Stored entries:
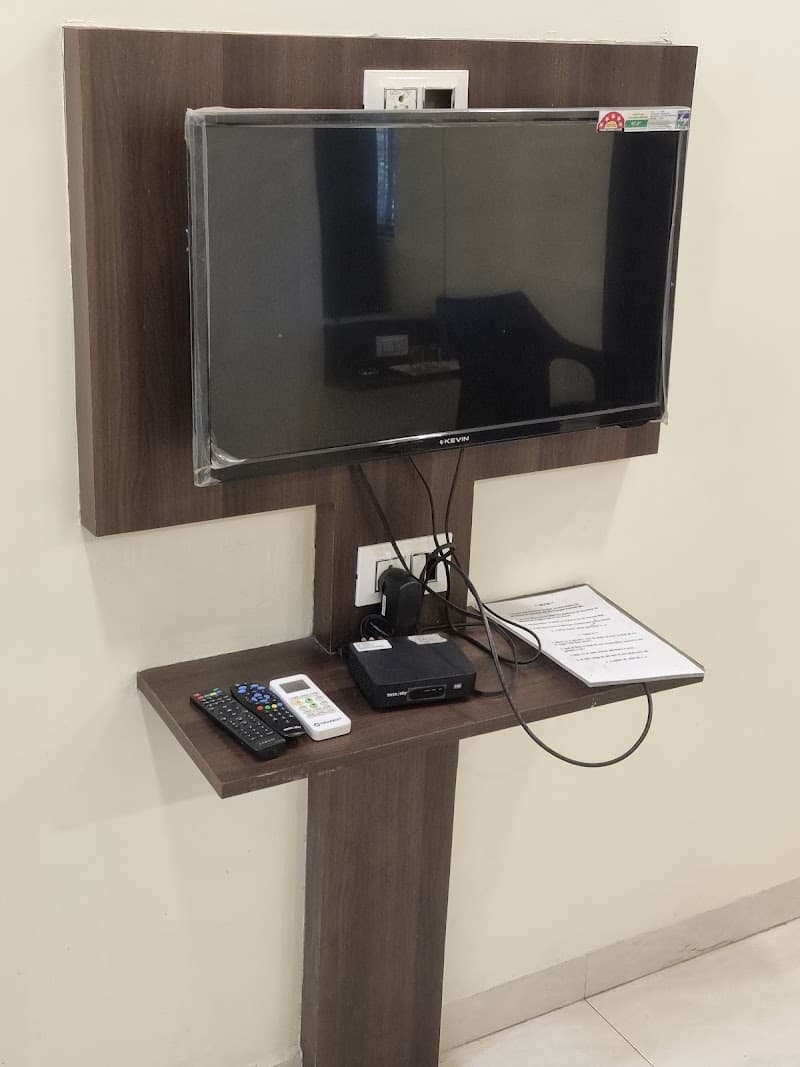A cozy living space setup featuring a mounted TV with remote controls on a wooden shelf, ideal for travelers seeking comfort near the bus stand in Takve Kurth, Pune, India.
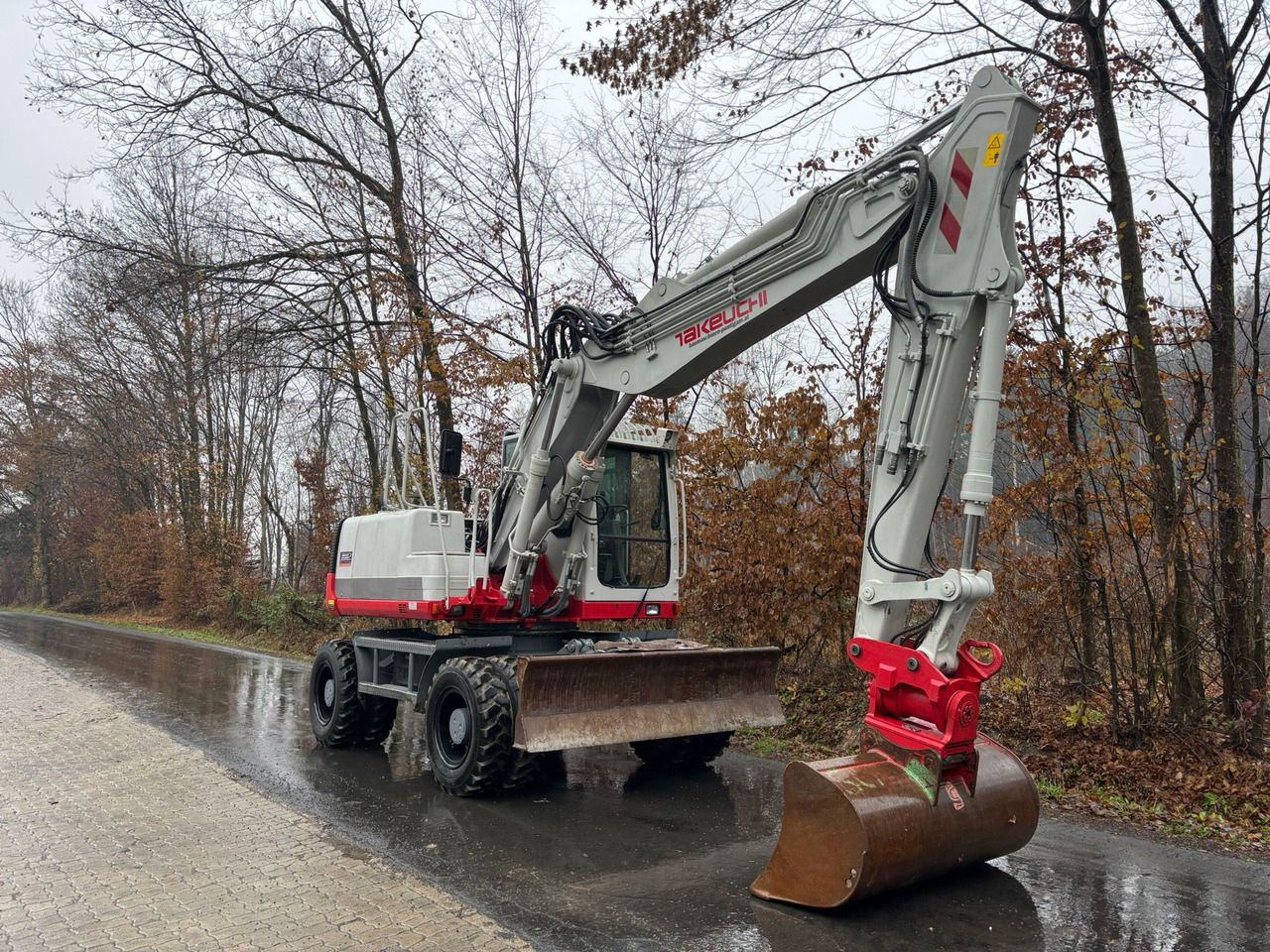 2014 Takeuchi TB 1160 W wheel excavator, side view 2014 Takeuchi TB 1160 W wheel excavator, side view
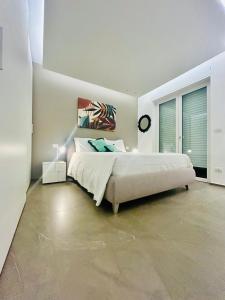 En eller flere senge i et værelse på LifeStyle Boutique Apartment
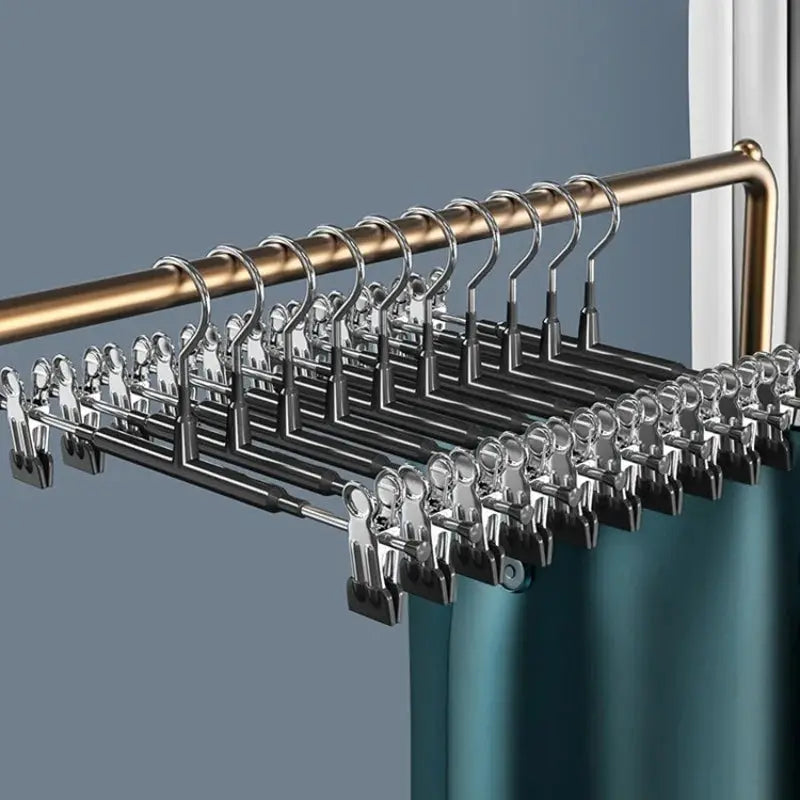 Stainless steel clothes drying rack with chrome clip hangers on a rod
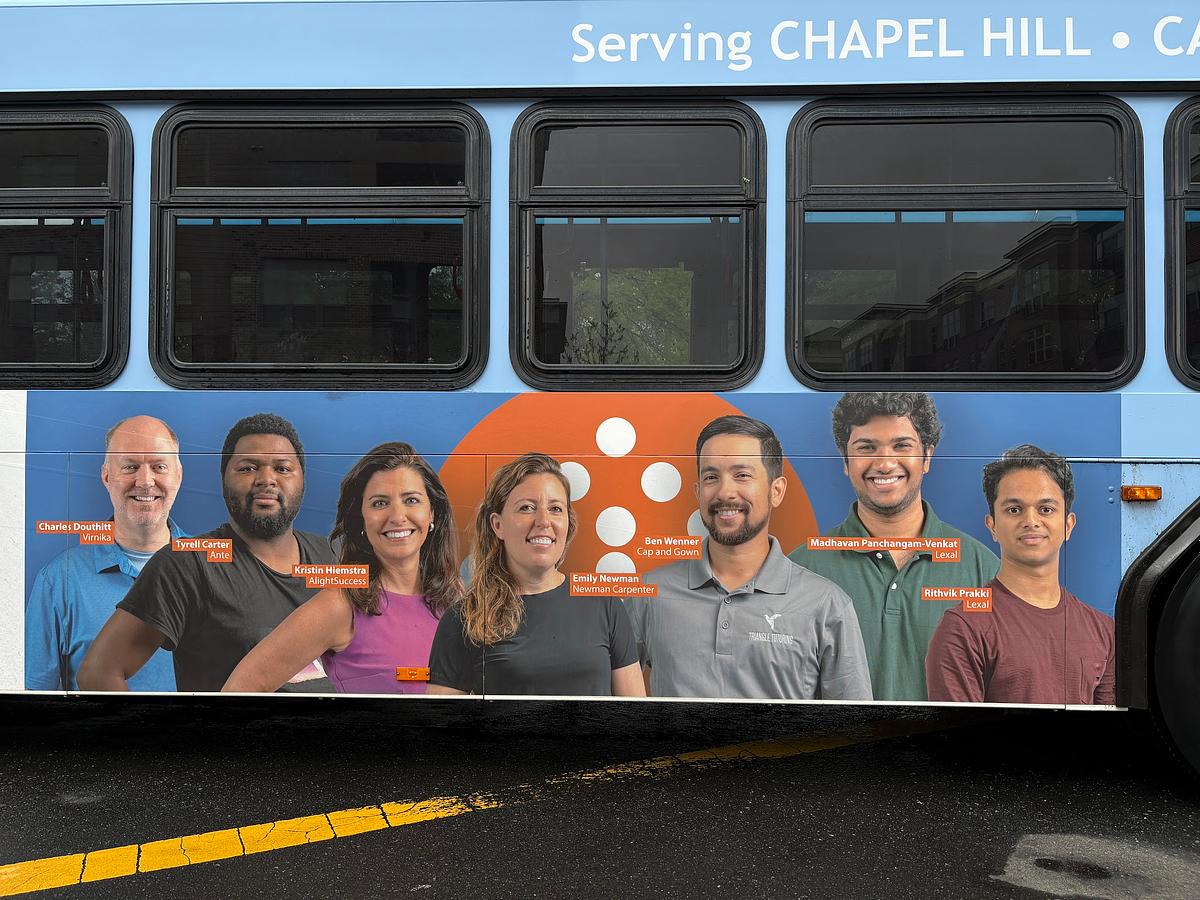 A Chapel Hill Transit bus ad featuring a composite photo of entrepreneur's from Innovate Carolina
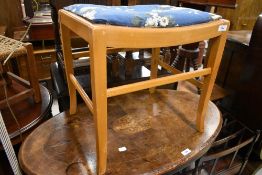 A vintage dressing table stool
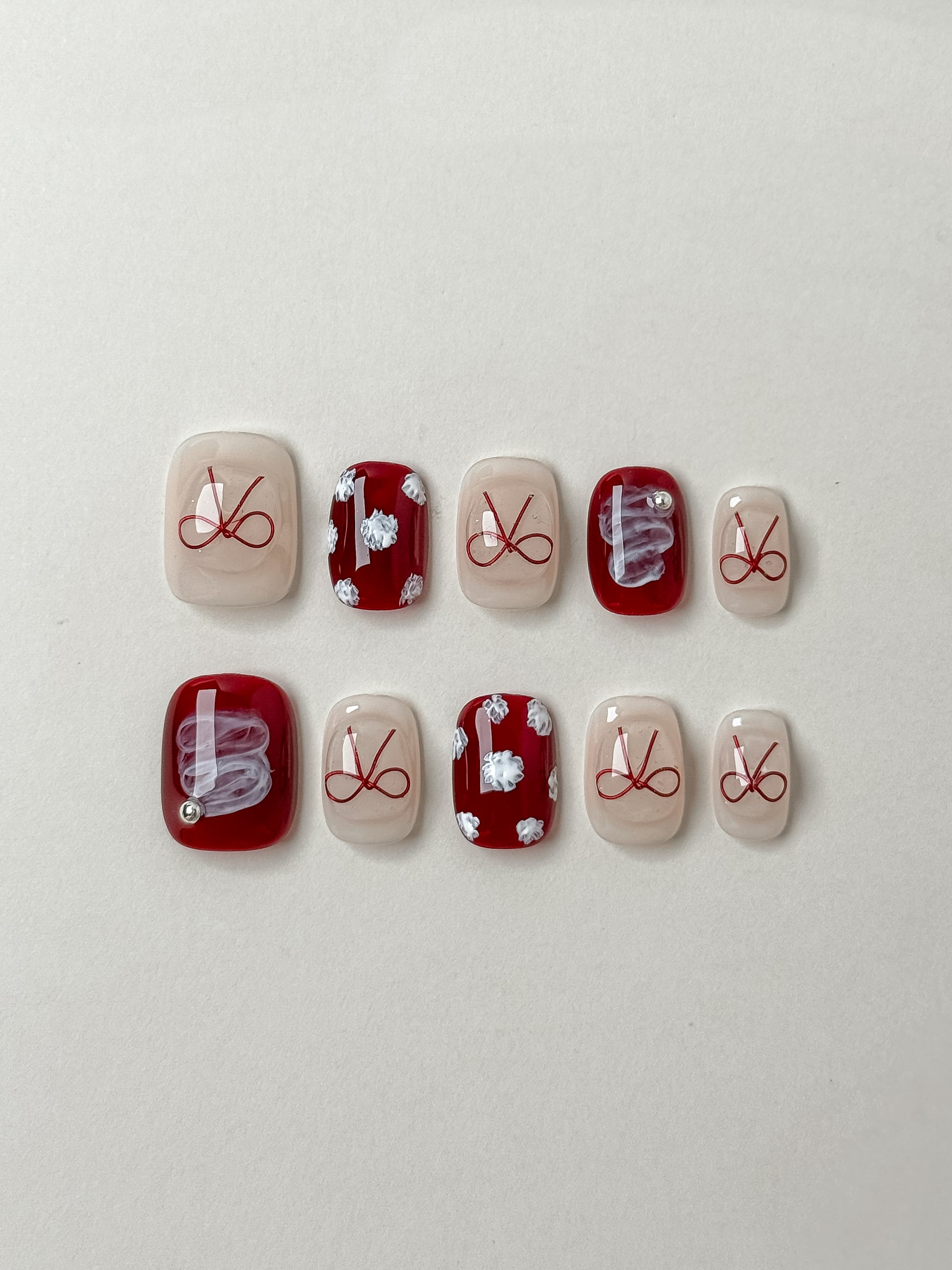 flat-lay display of coquette press-on nails with red ribbon bows, white floral patterns, and swirl accents on short square shapes.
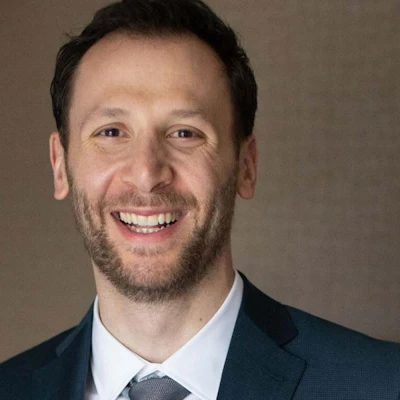 Head shot of Adam Schoenfeld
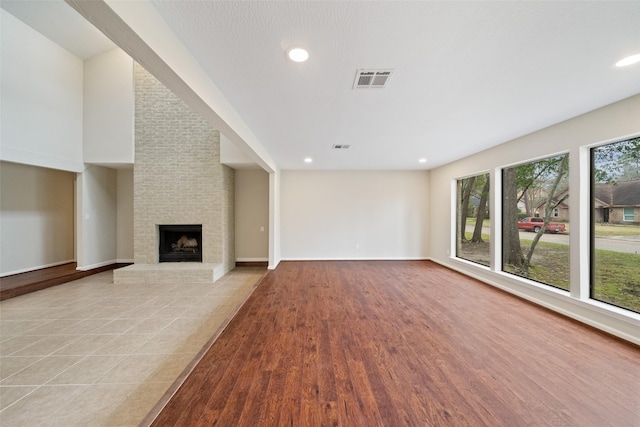 unfurnished living room featuring a fireplace and light wood-type flooring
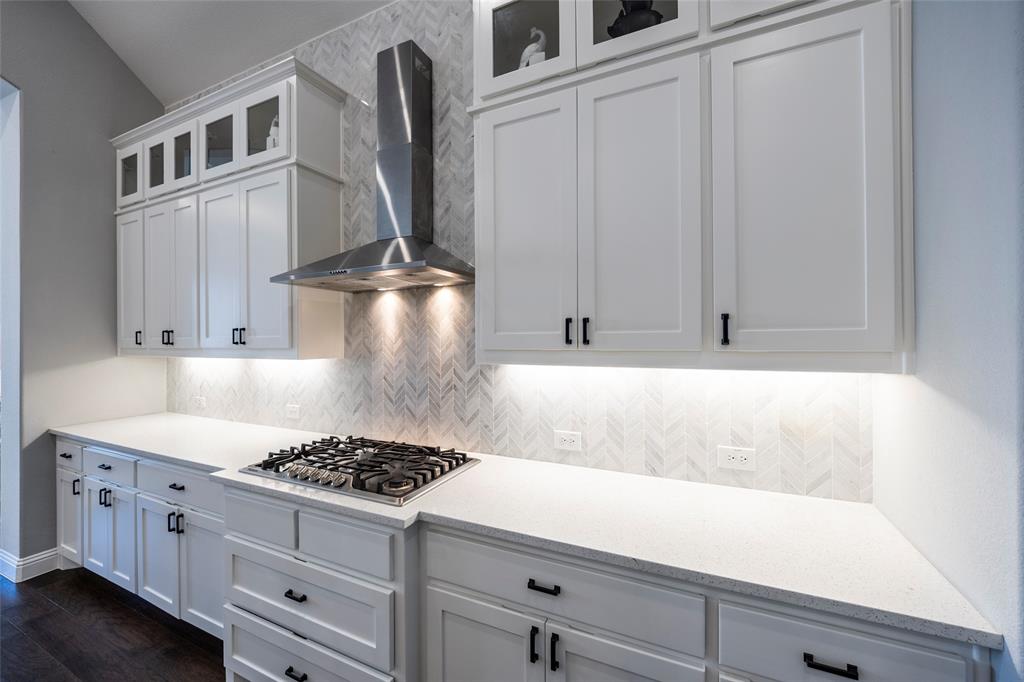 1650 Oakcrest Drive Prosper, TX 75078 - Photo 15 of 40 Kitchen featuring white cabinets, wall chimney range hood, decorative backsplash, and light stone countertops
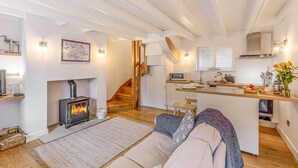 A cozy living room with a fireplace, a sofa, and a kitchen area with a wooden island. - 1 Bed in Whitby (oc-e29968) (Egton Bridge)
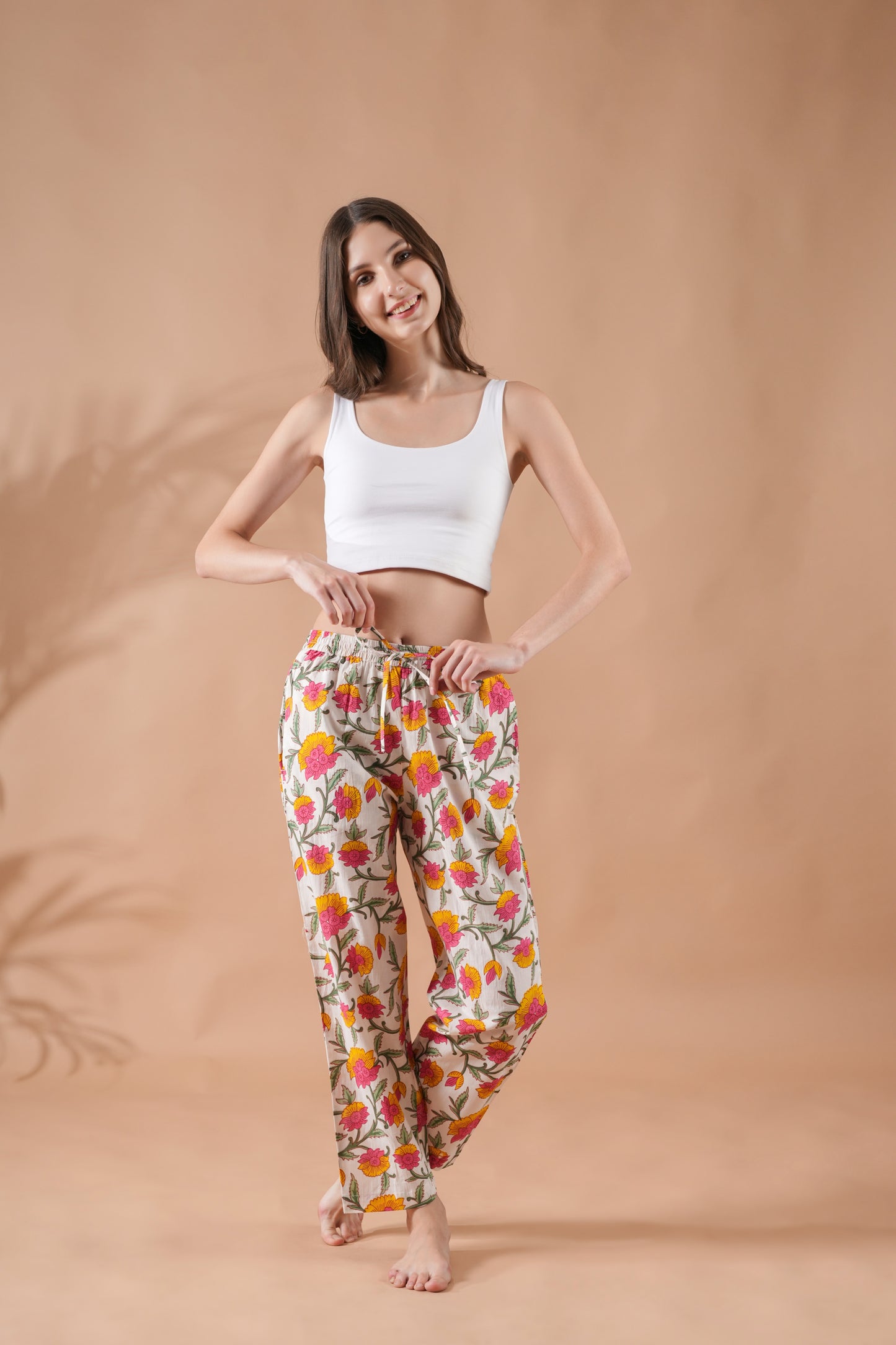 Breathable cotton pajama pants with pockets, pink and yellow flower design, and elastic waist — ideal bride getting ready outfit for a spring or summer wedding.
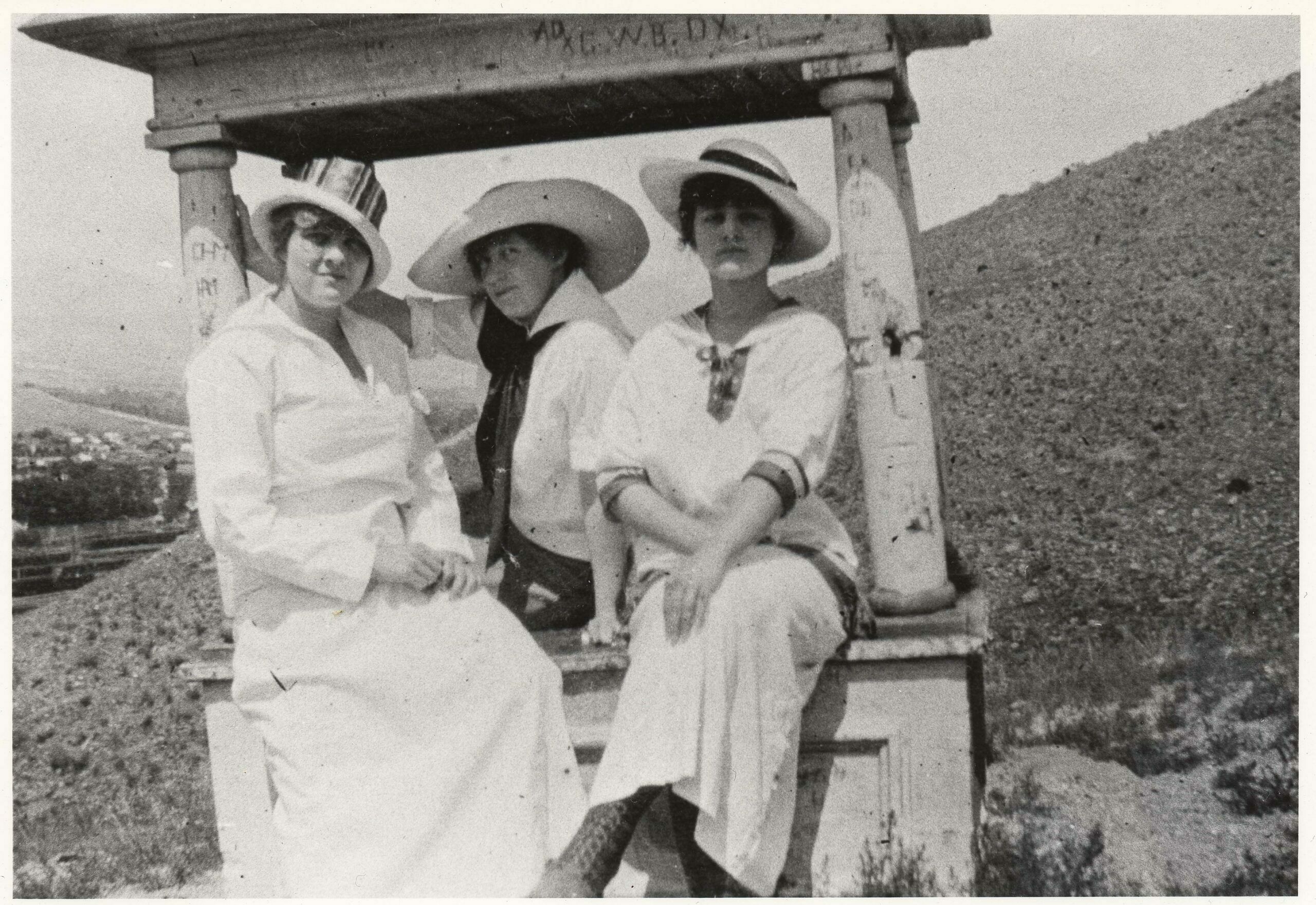 Although damaged and vandalized, pillars supporting the roof over the grave of Duke remained in place in the early 1920s when this trio of young Salida women (Nina Churcher (Thomson) on right) visited the monument on their way to a picnic at the Crater, a popular Sunday hiking destination.  (3)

§ Your instructions
Please reproduce exactly and only the lines from the first line of the records through the line containing "En eller flere", both included, omitting any pictures.

§ Exercise result
A cozy living space setup featuring a mounted TV with remote controls on a wooden shelf, ideal for travelers seeking comfort near the bus stand in Takve Kurth, Pune, India.
 2014 Takeuchi TB 1160 W wheel excavator, side view 2014 Takeuchi TB 1160 W wheel excavator, side view
 En eller flere senge i et værelse på LifeStyle Boutique Apartment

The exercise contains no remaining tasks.